Derek Trucks has a beautiful guitar tone that is perfect for the blues. Learn how he creates his mellow blues tones, and how you can do the same.
I have wanted to sound like Derek Trucks since the moment I first heard him play. In my opinion, Trucks is the ultimate bluesman. He plays with amazing feeling and has such a strong sense of melody. Perhaps most importantly, Trucks possesses an insightful and unique approach to lead guitar. For Trucks, soloing is not about showing off or highlighting his technical ability; it is about evoking emotion and moving his listeners.
Whilst a huge part of his ability to do this comes from Trucks’ fingers and playing style, his gear plays an important role too. Derek Trucks has a beautiful guitar tone that is perfect for the blues. It is a big sound that is warm and mellow, yet very precise. His notes always ring out with perfect clarity and his tone is never muddy.
Derek Trucks almost exclusively plays slide guitar. His playing style is heavily influenced by Duane Allman, and his rig and guitar set up reflects that. If you are a slide guitarist and you are looking for a killer slide tone, I would start by looking at Duane Allman’s set up, which I covered in much more detail here. That will give you the background and wider context to some of the points that I refer to here.
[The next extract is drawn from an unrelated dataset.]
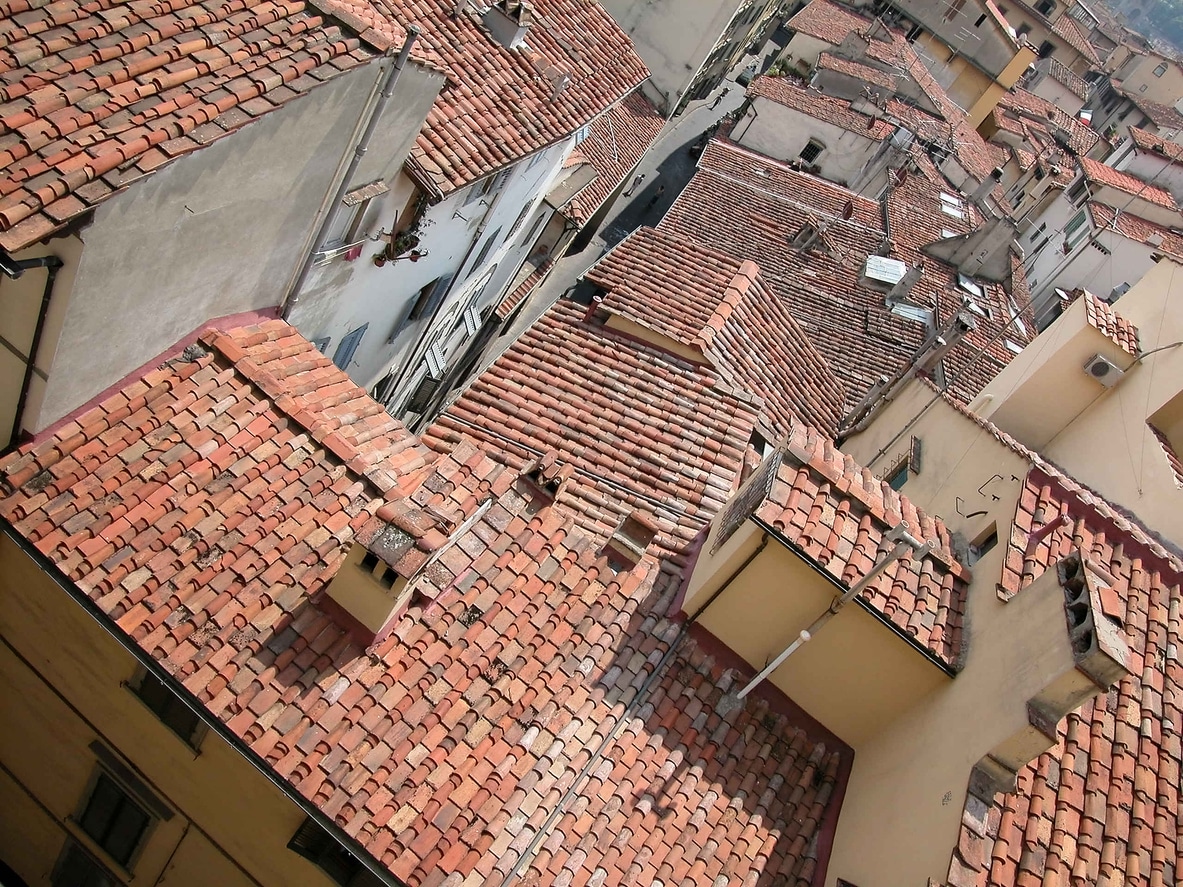 Turin rooves View down onto the roofs of buildings in Turin, Florence, Italy.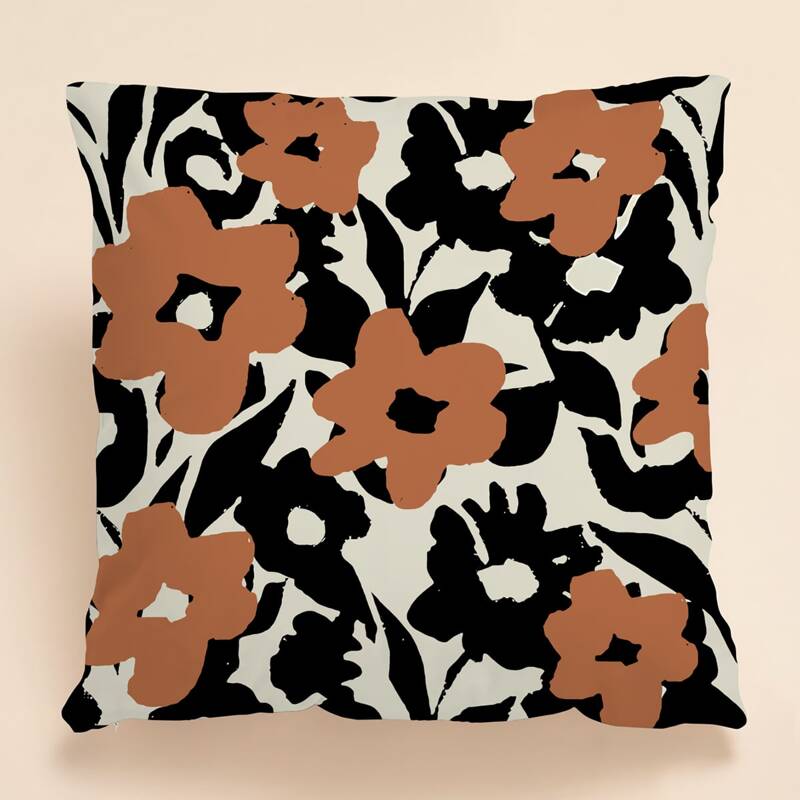 

Flower Print Cushion Cover Without Filler, Multicolor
Although there are a lot of similarities between Trucks and Allman though, there are also some significant differences. Trucks has a cleaner and softer tone, and he has a very different approach to gear. So the information here will definitely give you more options and a different perspective on how to get some killer slide tones.
Even if you don’t play slide guitar though, there is a lot of information you can take away here that is still relevant. Trucks’ tone is beautiful, and will work brilliantly when you are playing regular guitar too.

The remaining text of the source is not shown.